3.      O alcance do dever de fundamentação depende da natureza do acto em causa e do contexto em que o mesmo foi adoptado. A fundamentação deve revelar, de forma clara e inequívoca, o raciocínio da instituição, por forma, por um lado, a permitir que os interessados conheçam as razões da medida adoptada, a fim de poderem defender os seus direitos e verificarem se a decisão é ou não correcta e, por outro, a permitir ao juiz comunitário exercer a fiscalização da legalidade que lhe incumbe.

Por último, no que diz respeito, mais particularmente, à menção da base jurídica de um acto legal, a omissão da referência a uma disposição precisa pode não constituir um vício substancial quando o fundamento jurídico de um acto puder ser determinado com base noutros elementos deste. Tal referência explícita apenas é indispensável quando, na falta dela, os interessados e o juiz comunitário são deixados na incerteza quanto ao fundamento jurídico preciso.

(cf. n.os 67, 68)

4.      Segundo jurisprudência constante, a responsabilidade extracontratual da Comunidade, na acepção do artigo 288.°, segundo parágrafo, CE, está sujeita à reunião de um conjunto de condições, ou seja, a ilegalidade do comportamento censurado às instituições, a realidade do prejuízo e a existência de um nexo de causalidade entre o comportamento e o prejuízo invocado. Na medida em que estas três condições de responsabilidade são cumulativas, a falta de uma delas basta para que a acção de indemnização seja julgada improcedente.
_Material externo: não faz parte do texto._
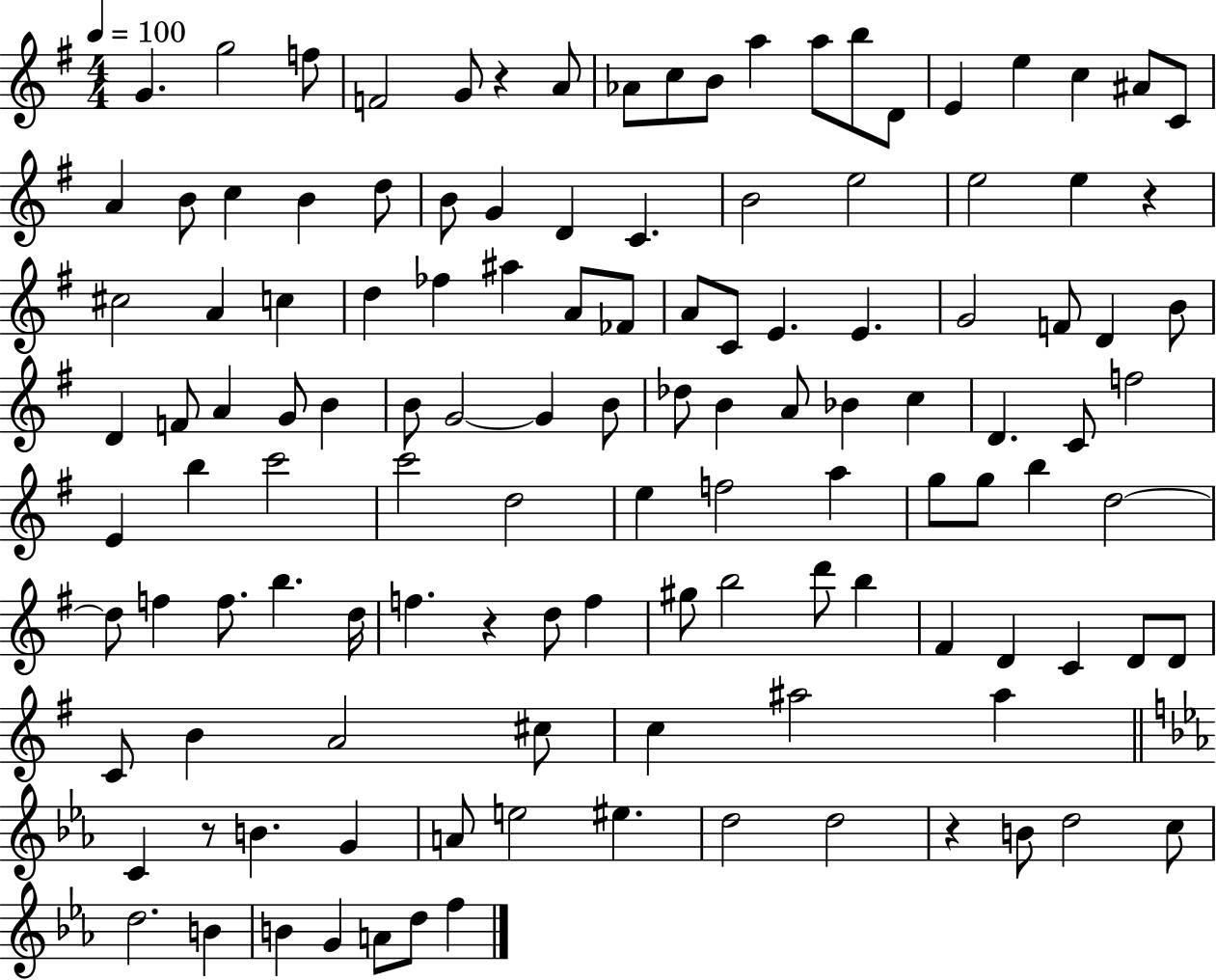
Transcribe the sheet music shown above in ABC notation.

X:1
T:Untitled
M:4/4
L:1/4
K:G
G g2 f/2 F2 G/2 z A/2 _A/2 c/2 B/2 a a/2 b/2 D/2 E e c ^A/2 C/2 A B/2 c B d/2 B/2 G D C B2 e2 e2 e z ^c2 A c d _f ^a A/2 _F/2 A/2 C/2 E E G2 F/2 D B/2 D F/2 A G/2 B B/2 G2 G B/2 _d/2 B A/2 _B c D C/2 f2 E b c'2 c'2 d2 e f2 a g/2 g/2 b d2 d/2 f f/2 b d/4 f z d/2 f ^g/2 b2 d'/2 b ^F D C D/2 D/2 C/2 B A2 ^c/2 c ^a2 ^a C z/2 B G A/2 e2 ^e d2 d2 z B/2 d2 c/2 d2 B B G A/2 d/2 f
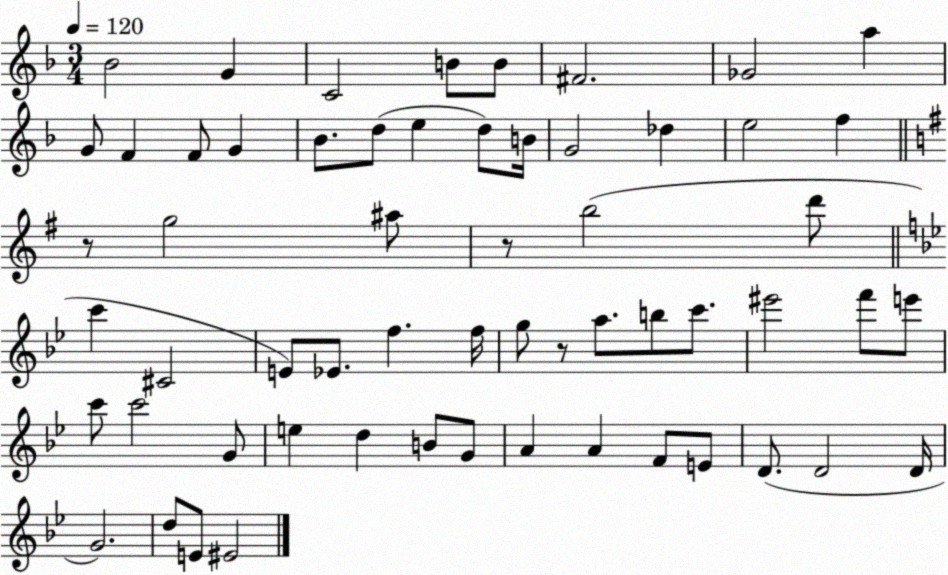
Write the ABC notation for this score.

X:1
T:Untitled
M:3/4
L:1/4
K:F
_B2 G C2 B/2 B/2 ^F2 _G2 a G/2 F F/2 G _B/2 d/2 e d/2 B/4 G2 _d e2 f z/2 g2 ^a/2 z/2 b2 d'/2 c' ^C2 E/2 _E/2 f f/4 g/2 z/2 a/2 b/2 c'/2 ^e'2 f'/2 e'/2 c'/2 c'2 G/2 e d B/2 G/2 A A F/2 E/2 D/2 D2 D/4 G2 d/2 E/2 ^E2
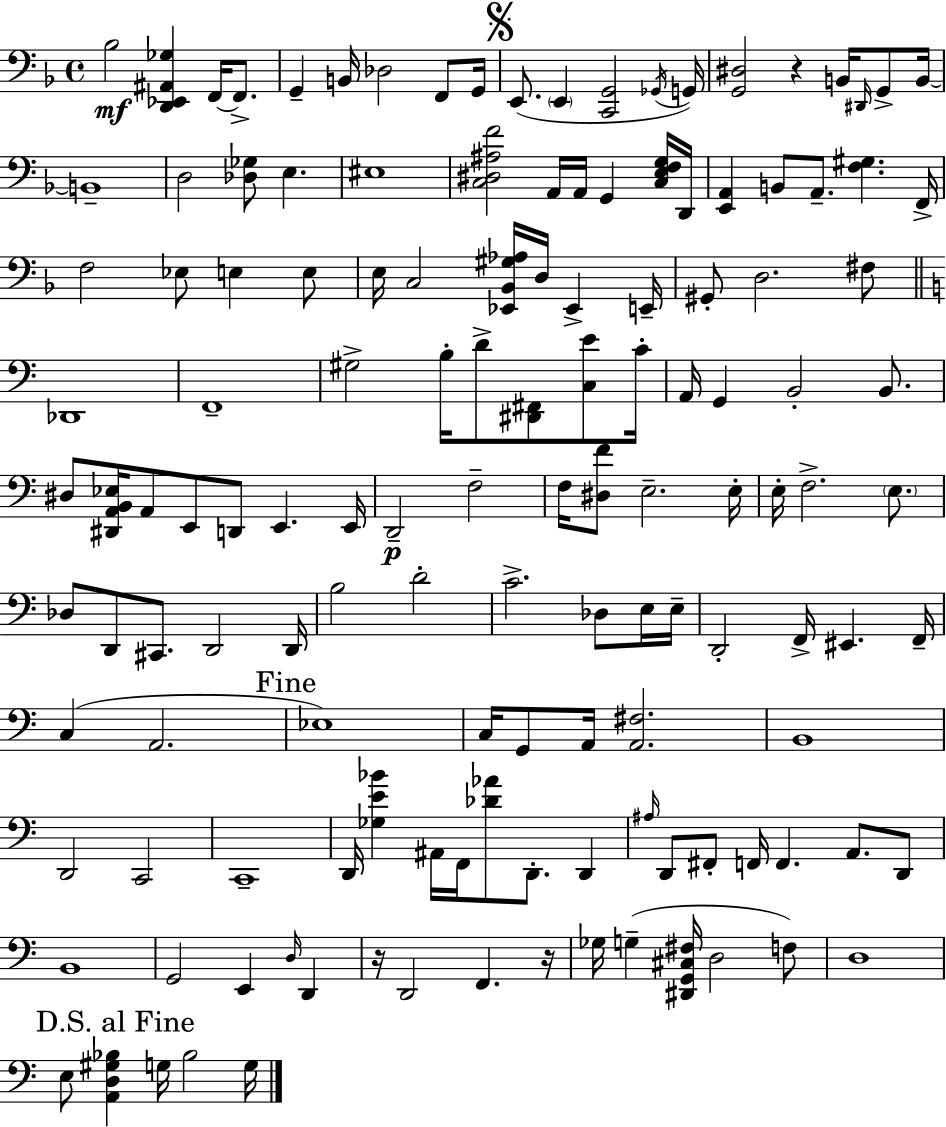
Bb3/h [D2,Eb2,A#2,Gb3]/q F2/s F2/e. G2/q B2/s Db3/h F2/e G2/s E2/e. E2/q [C2,G2]/h Gb2/s G2/s [G2,D#3]/h R/q B2/s D#2/s G2/e B2/s B2/w D3/h [Db3,Gb3]/e E3/q. EIS3/w [C3,D#3,A#3,F4]/h A2/s A2/s G2/q [C3,E3,F3,G3]/s D2/s [E2,A2]/q B2/e A2/e. [F3,G#3]/q. F2/s F3/h Eb3/e E3/q E3/e E3/s C3/h [Eb2,Bb2,G#3,Ab3]/s D3/s Eb2/q E2/s G#2/e D3/h. F#3/e Db2/w F2/w G#3/h B3/s D4/e [D#2,F#2]/e [C3,E4]/e C4/s A2/s G2/q B2/h B2/e. D#3/e [D#2,A2,B2,Eb3]/s A2/e E2/e D2/e E2/q. E2/s D2/h F3/h F3/s [D#3,F4]/e E3/h. E3/s E3/s F3/h. E3/e. Db3/e D2/e C#2/e. D2/h D2/s B3/h D4/h C4/h. Db3/e E3/s E3/s D2/h F2/s EIS2/q. F2/s C3/q A2/h. Eb3/w C3/s G2/e A2/s [A2,F#3]/h. B2/w D2/h C2/h C2/w D2/s [Gb3,E4,Bb4]/q A#2/s F2/s [Db4,Ab4]/e D2/e. D2/q A#3/s D2/e F#2/e F2/s F2/q. A2/e. D2/e B2/w G2/h E2/q D3/s D2/q R/s D2/h F2/q. R/s Gb3/s G3/q [D#2,G2,C#3,F#3]/s D3/h F3/e D3/w E3/e [A2,D3,G#3,Bb3]/q G3/s Bb3/h G3/s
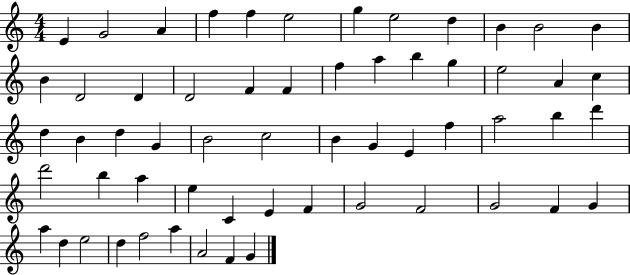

Quanto à primeira destas condições, a actuação ilegal censurada a uma instituição comunitária deve consistir numa violação suficientemente caracterizada de uma norma jurídica que tenha por objecto conferir direitos aos particulares.

Quando o pedido de anulação formulado pelo interessado for manifestamente desprovido de fundamento jurídico, por não se verificar um comportamento ilegal da instituição, e o pedido de indemnização se basear nos argumentos invocados em apoio do pedido de anulação, tal pedido também deve ser julgado infundado, uma vez que não se verificou uma violação suficientemente caracterizada de uma norma jurídica que tenha por objecto conferir direitos aos particulares.